A professor at the University of Minnesota asked her students to turn off their iPods, cell phones and laptops and turn on the 8-track players, landlines and typewriters.
Last month, Heather LaMarre, assistant professor in the School of Journalism and Mass Communication, asked the students in her principles of strategic communication course to go five days without using technology created after 1984.
The students were allowed to use technology for only work and school purposes.
LaMarre said she wanted her students to realize their dependence on technology by going through everyday life without it.
“Although great as a tool, I want them to realize technology is just a tool,” LaMarre said. “It is not an extension of who we are.”
LaMarre said the assignment forced the students to be creative and come up with alternative ways to communicate, much like if they were in a crisis where technology was no longer at their disposal.
Also, the assignment enlightened the students on what life was like for many of their future employers, according to LaMarre, who said the year 1984 was chosen because this is the time frame in which many of the bosses of today lived in.
“That age group grew up without this technology and comes from a very different viewpoint,” LaMarre said.
The majority of the students in LaMarre’s classroom, however, come from an age group with a viewpoint firmly entrenched in technology.
Lucy Knopff, public relations sophomore, said the assignment forced her to give up her cell phone, which she has used since junior high.
“It is what I know, and it is hard to stray from what you know,” Knopff said.
LaMarre said technologies like Knopff’s cell phone have provided a valuable tool of convenience, but how we utilize this tool needs to be realized.
“I wanted them to realize the difference between using it in a strategic way and using it mindlessly,” LaMarre said.
LaMarre said technology should be used with an intended purpose and not needlessly.
“You wouldn’t just pick up a hammer or screwdriver and use it mindlessly,” LaMarre said.
It is this kind of “mindless” use that ended Knopff’s attempt a half hour after leaving the classroom the day it was assigned.
“After leaving class, I put on my iPod,” Knopff said. “It is so second nature to me that I didn’t even realize it.”
LaMarre said early failure in the project was common, with less than 10 percent of her 43 students making it past two days.
Resistance to even begin the assignment that Monday was evident, according to LaMarre, who said students have grown increasingly reluctant to participate since she began assigning the project two years ago.
However, LaMarre said, the resistance at the beginning turned into a sense of realization for her students when it was discussed on Friday.
“They were surprised just how many hours of the day they were plugged in,” LaMarre said.
Emma Casey, Spanish and public relations sophomore, resisted technology the longest, going three days. Casey said the assignment made her realize being “plugged in” for things like interpersonal communication diminishes the relationship in some ways.

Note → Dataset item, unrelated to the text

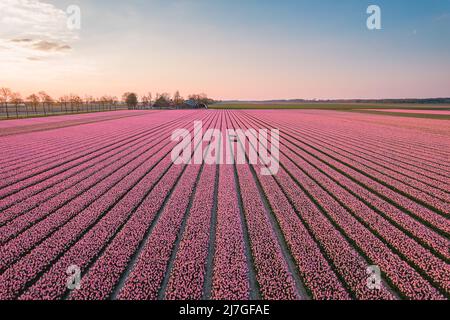Vista aerea di un campo di tulipani rosa a Keukenhof, Lisse all'alba in Olanda Foto Stock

“Relationships that we enter into now are so much more shallow because you have media in between,” Casey said.
However, technology has created a new familiarity in conversation, according to LaMarre, who said students noticed growing frustration among their friends and family because of their
For her students, LaMarre said anxiety from being out of touch was evident.

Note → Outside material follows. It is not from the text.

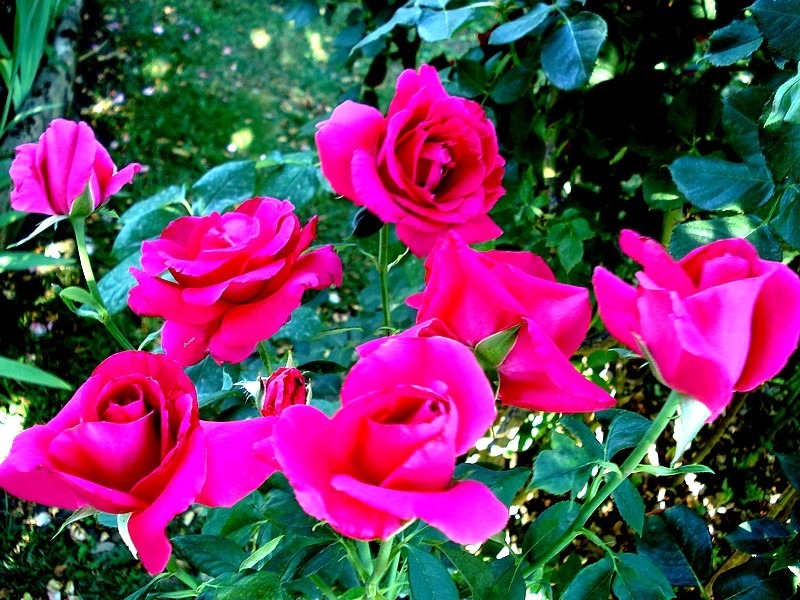 'Roseraie de Blois ®' rose photo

“They felt concerned they were missing out on something in life,” LaMarre said.
To treat this anxiety, Casey said she had a friend check her e-mail on the third day. She had 225 unread e-mails.
“After she told me how many e-mails I missed, I had to give in and check them,” Casey said.
With things like e-mail, Casey said technology adds convenience to conversation, but it should not be something necessary to function.
LaMarre said this dependence was seen in her students with some refusing to work out without their iPod.
Although being reliant on technology is an unfavorable characteristic, the purpose of the assignment is not to imply that technology is harmful, according to LaMarre, who said technology is a large part of the course curriculum.
“Immediately after the assignment ended, I am teaching them how to use social media in public relations,” LaMarre said.